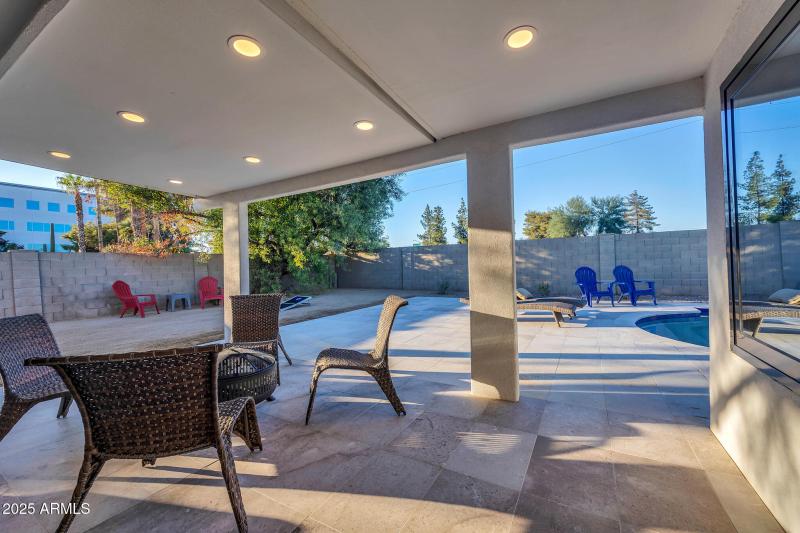 4910 E Shaw Butte Dr-49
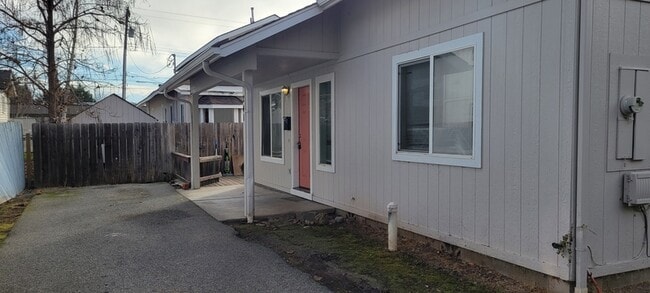 Photo - 241 NE School St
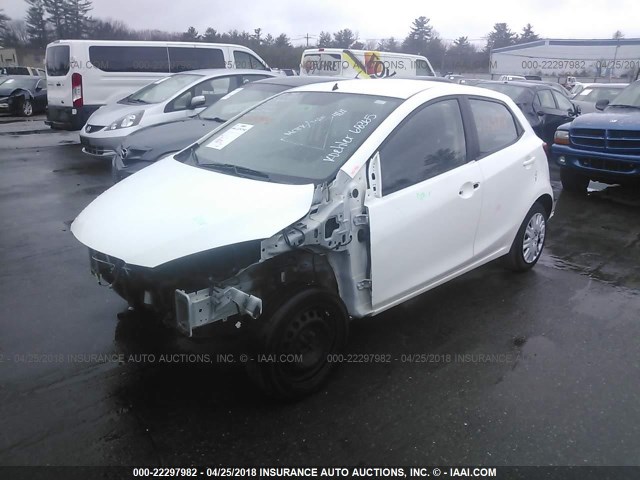 JM1DE1KZ5C0147696 - 2012 MAZDA MAZDA2 WHITE photo 2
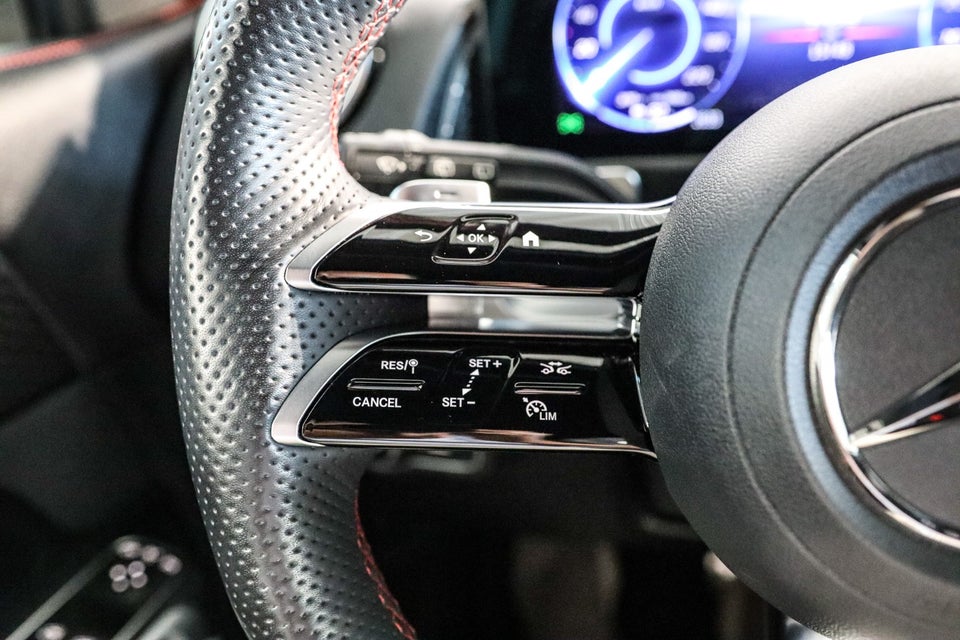 Mercedes EQB300 AMG Premium 4Matic 5d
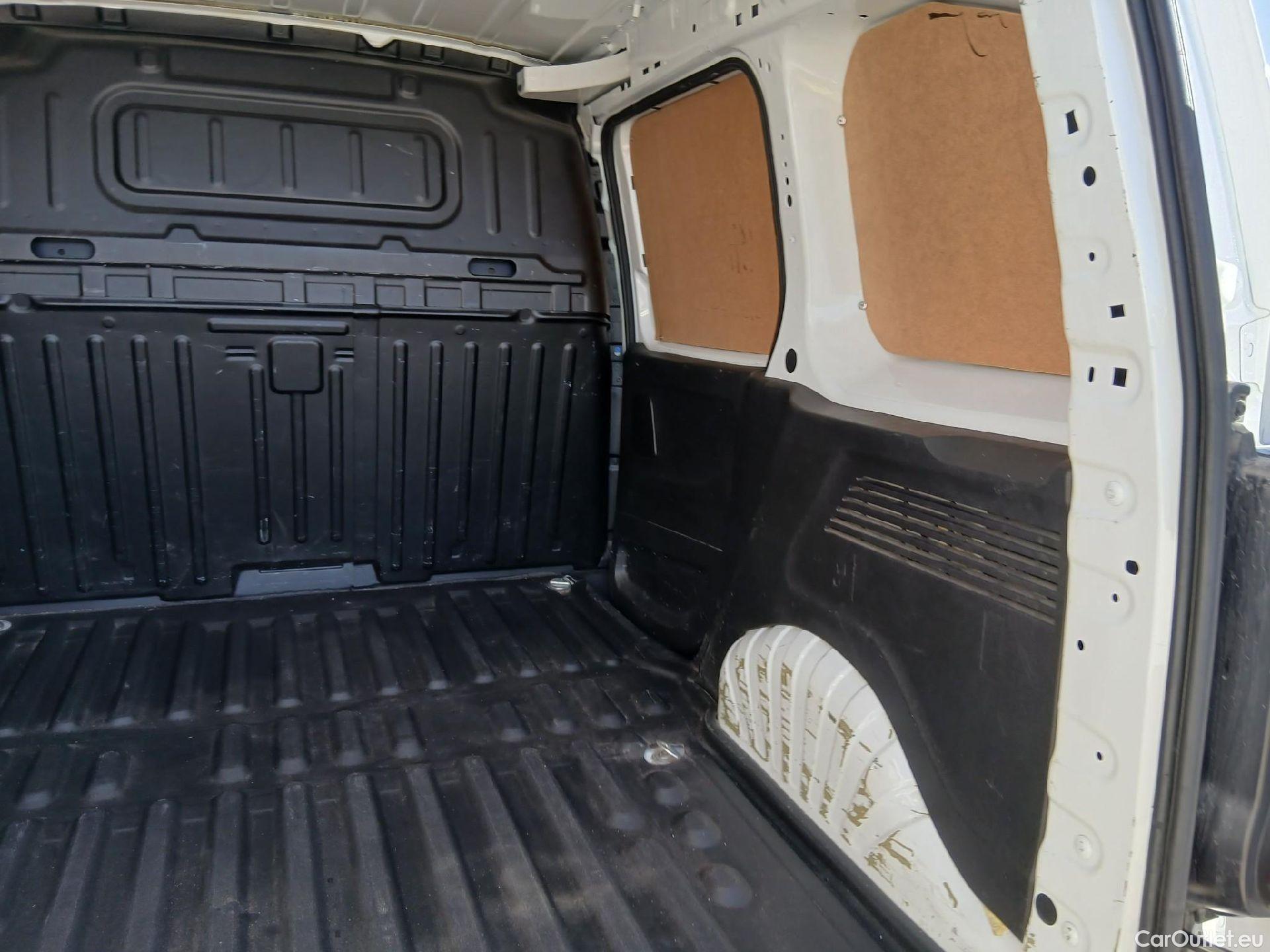  Citroen  Berlingo CITROEN  / 2018 / 3P / furgón derivado de turismo Talla M BlueHDi 100 CONTROL (AC2) #16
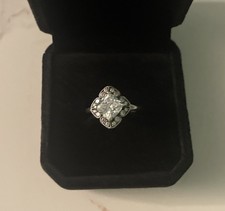 Elegant 925 Sterling Silver Clear Stone Ring /Size 4.25 EUC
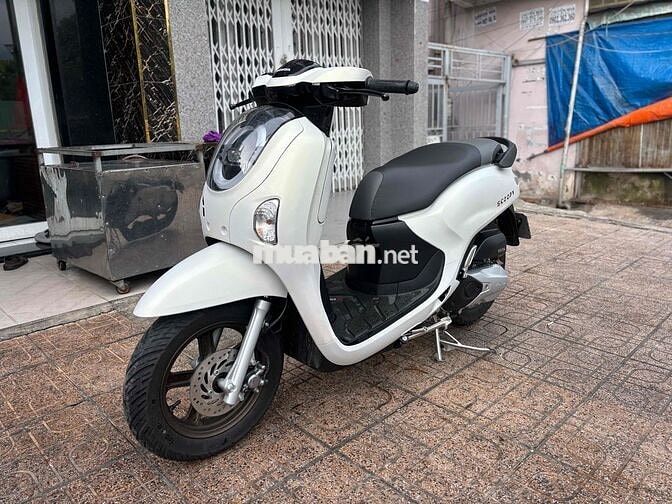 Honda Scoopy Trắng 2800km
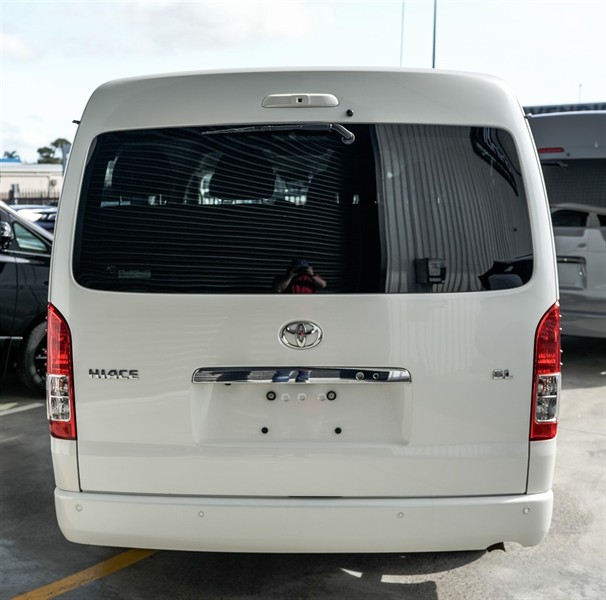 2021 Toyota Hiace - Thumbnail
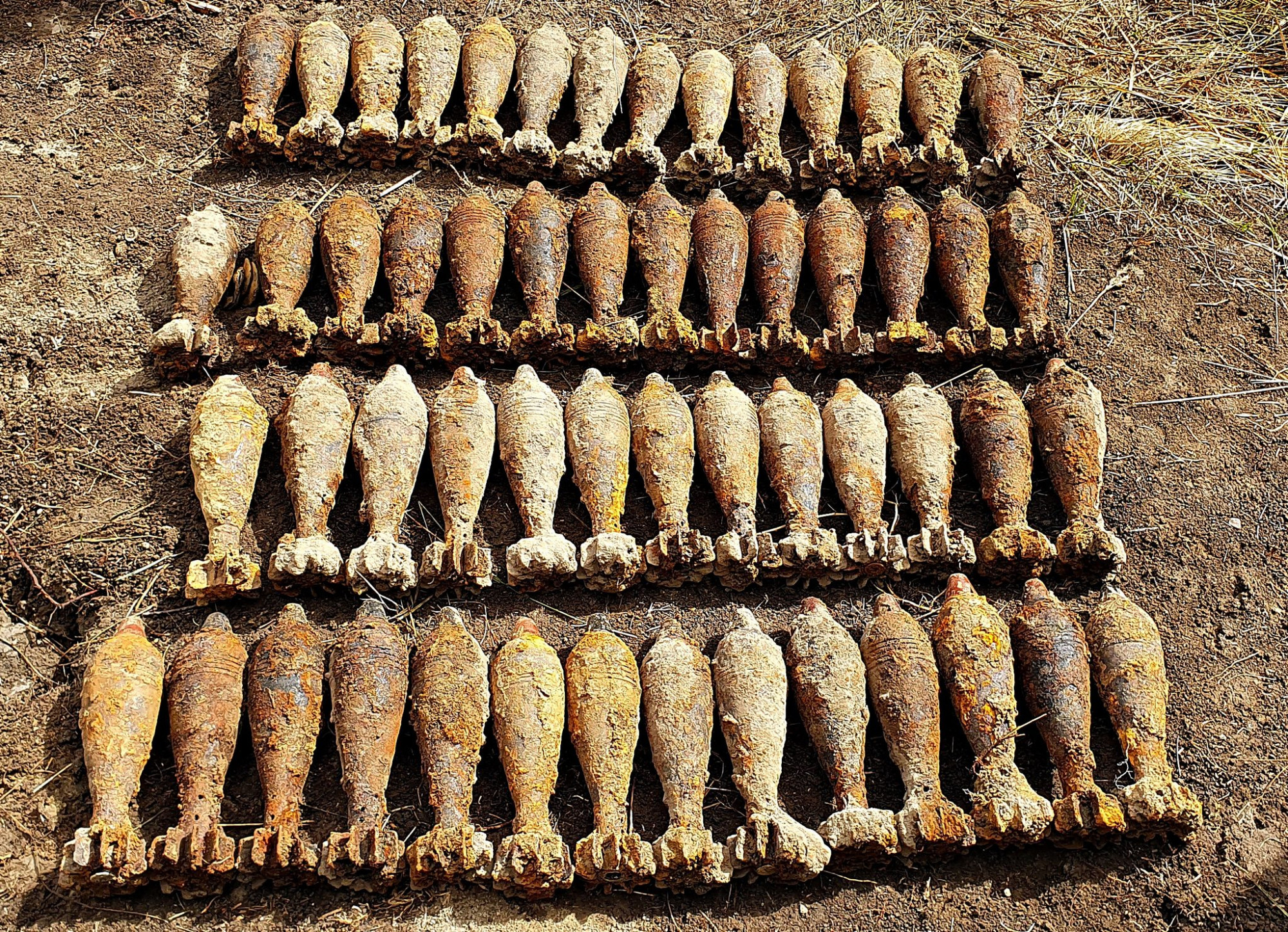 Több mint 150 aknavetőgránát került elő egy szombathelyi kertből, ahol eredetileg csak pöcegödröt akartak ásni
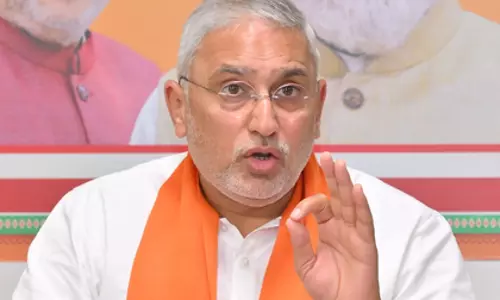 गुजरात चुनावी तैयारी: BJP ने तीन जिलों में यूनिट्स का किया रीऑर्गनाइजेशन गुजरात चुनावी तैयारी: BJP ने तीन जिलों में यूनिट्स का किया रीऑर्गनाइजेशन
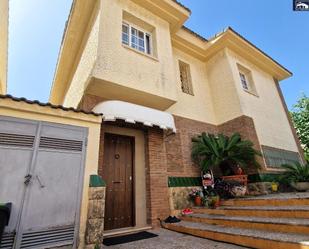 Exterior view of House or chalet for sale in Roda de Berà  with Air Conditioner, Terrace and Swimming Pool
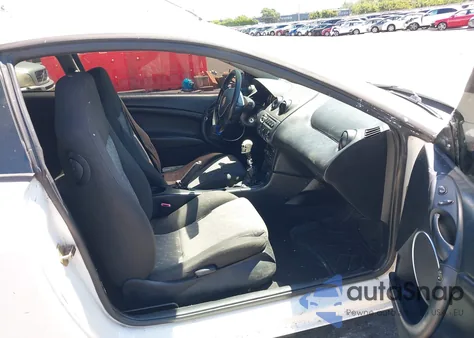 2001 Mercury Cougar I4 z USA, uszkodzony, nr VIN 1ZWFT603715604222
━━━━━━
Directions for this task » Print exactly the line containing "Elegant 925 Sterling" and every line after it through the final line above, and leave all pictures out.

Output of the exercise »
 Elegant 925 Sterling Silver Clear Stone Ring /Size 4.25 EUC
 Honda Scoopy Trắng 2800km
 2021 Toyota Hiace - Thumbnail
 Több mint 150 aknavetőgránát került elő egy szombathelyi kertből, ahol eredetileg csak pöcegödröt akartak ásni
 गुजरात चुनावी तैयारी: BJP ने तीन जिलों में यूनिट्स का किया रीऑर्गनाइजेशन गुजरात चुनावी तैयारी: BJP ने तीन जिलों में यूनिट्स का किया रीऑर्गनाइजेशन
 Exterior view of House or chalet for sale in Roda de Berà  with Air Conditioner, Terrace and Swimming Pool
 2001 Mercury Cougar I4 z USA, uszkodzony, nr VIN 1ZWFT603715604222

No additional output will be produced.